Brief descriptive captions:
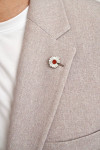 Ozdobny detal marynarki wizytowej beżowej Villaro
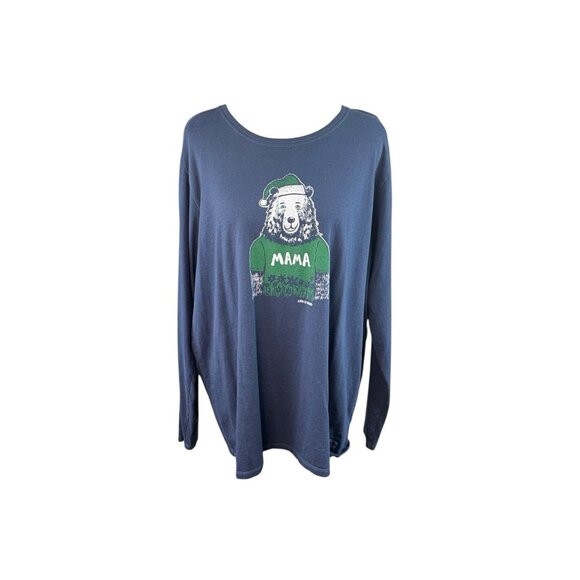 *Life is Good Crusher Tee Mama XXL Blue Cotton Long Sleeve Christmas Bear - Picture 2 of 7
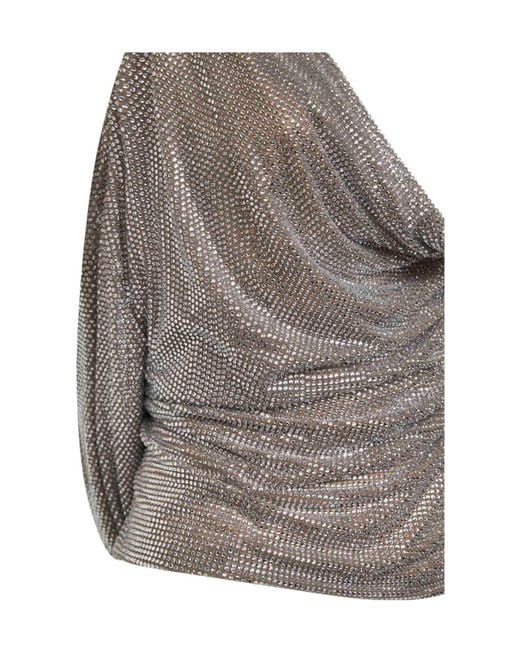 GIUSEPPE DI MORABITO Gray Draped Crystal Top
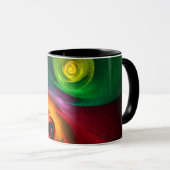 Rood Groen Yin Yang Modern Abstract Kunstpatroon # Mok (Voorkant rechts)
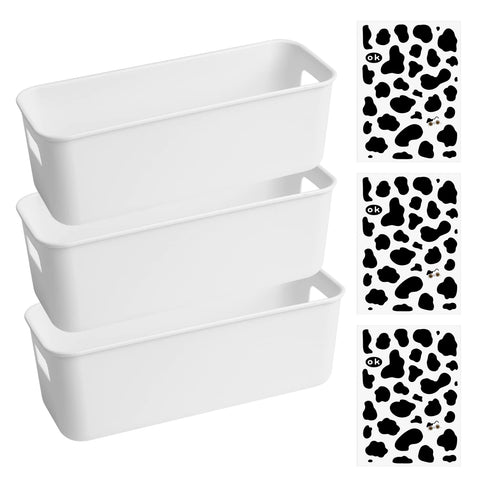 Heozhuyi 3 Pcs Plastic Storage Baskets with Handles, Kitchen Cupboard Organiser Storage Boxes, Rectangular Storage Organizing Bins for Kitchen
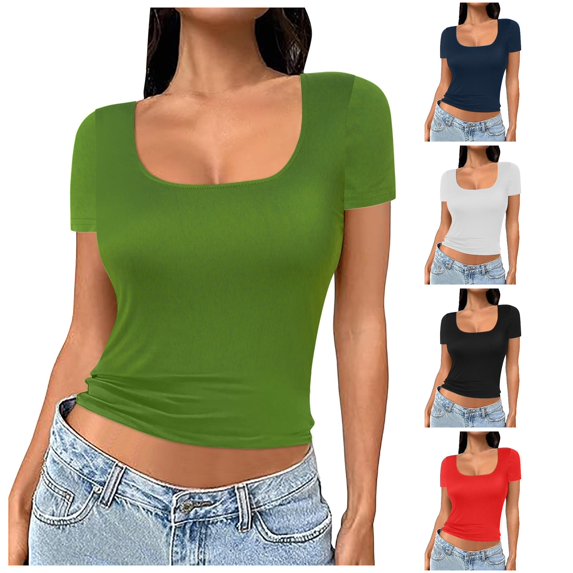 Women's Square Neck Short Sleeve Double Layer Tops Basic Slim Fit Going Out T Shirt Tops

• **Description of the task**: Leave the pictures out and output all of the data verbatim.

• **Output for this exercise**:
 Ozdobny detal marynarki wizytowej beżowej Villaro
 *Life is Good Crusher Tee Mama XXL Blue Cotton Long Sleeve Christmas Bear - Picture 2 of 7
 GIUSEPPE DI MORABITO Gray Draped Crystal Top
 Rood Groen Yin Yang Modern Abstract Kunstpatroon # Mok (Voorkant rechts)
 Heozhuyi 3 Pcs Plastic Storage Baskets with Handles, Kitchen Cupboard Organiser Storage Boxes, Rectangular Storage Organizing Bins for Kitchen
 Women's Square Neck Short Sleeve Double Layer Tops Basic Slim Fit Going Out T Shirt Tops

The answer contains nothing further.